The Financial Services Commission (FSC) plans to draw up measures that will prevent heads of Korea's major banking holding companies from abusing their power, according to officials.
Chiefs of bank holding firms have been under fire for intervening in personnel appointments at their affiliates and giving tasks only verbally without paper evidence, making it difficult to figure out who is responsible when something goes wrong, the FSC said.
"We wouldn't say no to taking very harsh steps (for the overhaul) if that's what it takes to show the government's willingness," said an FSC official.
The regulator's move comes as Shin Je-yoon, the new FSC chief, vowed to overhaul the governance structure of the country's major financial holding companies, as part of an effort to stem the firms from becoming too political.
The heads of Korea's four major banking groups, including state-run Woori Finance Holdings Co., were known to be close aides to former President Lee Myung-bak.
Shin stressed that he seeks to establish an independent management structure between the holding firms and its affiliates.
The FSC will stipulate in detail the scope of a banking chief's authorities and responsibilities.
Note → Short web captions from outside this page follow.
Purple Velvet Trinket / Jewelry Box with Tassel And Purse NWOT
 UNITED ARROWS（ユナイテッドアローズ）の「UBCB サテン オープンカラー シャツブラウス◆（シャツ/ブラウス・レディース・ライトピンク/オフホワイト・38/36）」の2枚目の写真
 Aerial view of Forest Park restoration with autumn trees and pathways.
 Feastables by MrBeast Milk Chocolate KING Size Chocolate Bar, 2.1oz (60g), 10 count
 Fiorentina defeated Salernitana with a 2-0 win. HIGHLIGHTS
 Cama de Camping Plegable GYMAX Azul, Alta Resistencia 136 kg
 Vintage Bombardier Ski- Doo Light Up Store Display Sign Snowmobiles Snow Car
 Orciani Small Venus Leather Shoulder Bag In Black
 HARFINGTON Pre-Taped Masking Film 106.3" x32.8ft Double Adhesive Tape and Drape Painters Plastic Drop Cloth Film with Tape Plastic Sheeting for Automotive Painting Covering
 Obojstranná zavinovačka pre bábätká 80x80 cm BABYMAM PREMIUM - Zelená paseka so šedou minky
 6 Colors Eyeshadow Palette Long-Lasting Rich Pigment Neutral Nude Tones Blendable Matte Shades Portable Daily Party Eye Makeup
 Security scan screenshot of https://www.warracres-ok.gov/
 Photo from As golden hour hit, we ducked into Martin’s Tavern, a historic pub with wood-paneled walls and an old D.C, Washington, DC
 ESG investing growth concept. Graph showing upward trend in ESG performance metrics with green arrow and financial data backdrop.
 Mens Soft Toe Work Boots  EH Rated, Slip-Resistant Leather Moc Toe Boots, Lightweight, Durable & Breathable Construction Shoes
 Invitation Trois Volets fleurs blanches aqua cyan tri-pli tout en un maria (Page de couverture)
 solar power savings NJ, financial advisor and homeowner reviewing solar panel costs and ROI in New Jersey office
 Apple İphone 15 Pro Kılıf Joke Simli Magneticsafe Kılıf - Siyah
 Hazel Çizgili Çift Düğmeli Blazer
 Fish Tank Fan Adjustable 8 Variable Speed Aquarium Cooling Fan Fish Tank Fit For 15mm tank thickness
It will also make sure that from now on banking companies document every instruction given from its chief.
The head of a banking firm must listen to the opinions of its affiliates before making any decision and will be barred from unfairly intervening in affiliates' management affairs, the FSC added.
The regulator's move is expected to spur a big shake-up of the chief executives, leading to their resignations amid heightening pressure for them to step down.